This is a horror-comedy of the most ghoulish tastes. Typically of Roth's sensibilities, some of the best laughs are really of discomfort, as poor Kent makes a whole series of mistaken efforts to remove the suit. There's a Loony Toons level of energy, giving the enterprise the feel of a feature-length episode of the old Syfy channel series Monsters.

Roth's name may be above the title, but this is writer/director Jon Watts' creation. It's almost Hollywood lore now that he made a fake trailer with Roth's name attached, and Mr. Cabin Fever was so impressed by the brazenness of this attention-getting that he actually signed on to make it a reality. Since then, Watts turned heads on the indie circuit with Kevin Bacon crime caper Cop Car, and that turned into a high-profile gig behind the lens for the upcoming Spider-Man: Homecoming.

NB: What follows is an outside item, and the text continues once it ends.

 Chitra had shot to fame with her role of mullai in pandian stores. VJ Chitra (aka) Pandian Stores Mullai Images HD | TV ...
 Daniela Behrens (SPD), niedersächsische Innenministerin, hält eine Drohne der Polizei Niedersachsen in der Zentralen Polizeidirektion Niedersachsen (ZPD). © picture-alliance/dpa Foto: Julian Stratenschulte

However, here he has some real fun with the monstrousness, and a definite skill for the lurid silliness that he invokes. As he moves focus from the transforming of Kent to the ever-more gloriously insane Stormare, and Kent's suffering wife Meg (Laura Allen, Terriers), and drags them through a literal funhouse of horrors, it's deliciously cheesy fun with some innovative, gory FX.


Rob Zombie's 31 (Saban) is available on VOD now.

Clowntown (IDN) and Clown (Dimension/Anchor Bay) are available on DVD and VOD now.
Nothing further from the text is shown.